In between the two events, Klein headed to Argyle Country Club in Silver Spring Monday, when he tied for second behind Angelo, a recent Cardinal Gibbons High grad, in a qualifier for the national Insurance Youth Tournament. All told, that's six competitive rounds in five days, and Klein is looking forward to a break from competition, if not from practice.

"I'm tired right now, but it's mental more than physical," Klein said. "I've never tried a schedule like this before. I'm going to see my coach tomorrow [today], thank God."

That would be Ted Sheftic, the head professional at Hanover County Club in Abbottstown, Pa., who since last fall has shaved four strokes from Klein's handicap.
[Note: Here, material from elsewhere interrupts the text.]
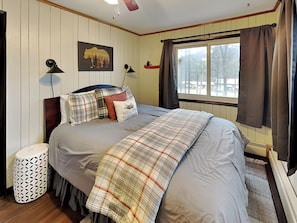 Hus (5 Bedrooms) | Bekvämlighet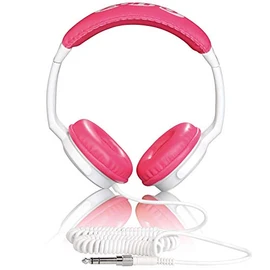 Zomo HD - 500 Earphones Pink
One more and he's at scratch.

The Klein household overlooks the No. 3 tee on the Blue course at Hunt Valley. Justin began playing at age 6 and junior RTC tournaments regularly at age 12. Last summer he and his father, Richard, an independent insurance agent with a 5-handicap, won the Maryland Father-Son championship.

Justin was having difficulty dealing with a growth spurt that occurred during his sophomore year of high school, however, and he wasn't happy with his game. Sheftic has changed that.

"Justin was at a point where he couldn't go any further with his swing," Sheftic said. "He had a lot of talent, but basically he didn't know why the ball was going where it was. He just lacked basic knowledge of the golf swing. If he goes to a national tournament now and his swing breaks down, he can go to the practice tee and fix it himself."

There are days -- especially off the white tees at Mount Pleasant, Gilman's home course and the MSA site -- when Klein lives with his driver and one of the four wedges he carries. He's 6 feet 2 and 165 pounds, and while he's still growing physically, the Maryland Stroke Play championship added plenty of muscle to his mental frame.

"I wasn't sure how I would handle the pressure, but I was able to block out the gallery," Klein said. "I was happy about that. I was putting enough pressure on myself anyway."

Before going to the U.S. Junior Amateur, the premier event of its kind, Klein will play another national junior tournament in Roanoke, Va., next week. Sheftic knows his pupil is ready.

"Justin has a wonderful touch around the green, very impressive for a kid that tall, and he has the instincts to win," Sheftic said. "I think he can be one of the top junior players, one of the top collegiate players, in the country. Winning a junior tournament is big, but winning a state amateur championship like he just did will make colleges sit up and notice."

A B-plus student whose strength is math, Klein said he would like to join one of the ACC powers in autumn 1992. Among his equipment yesterday was a hat from Duke.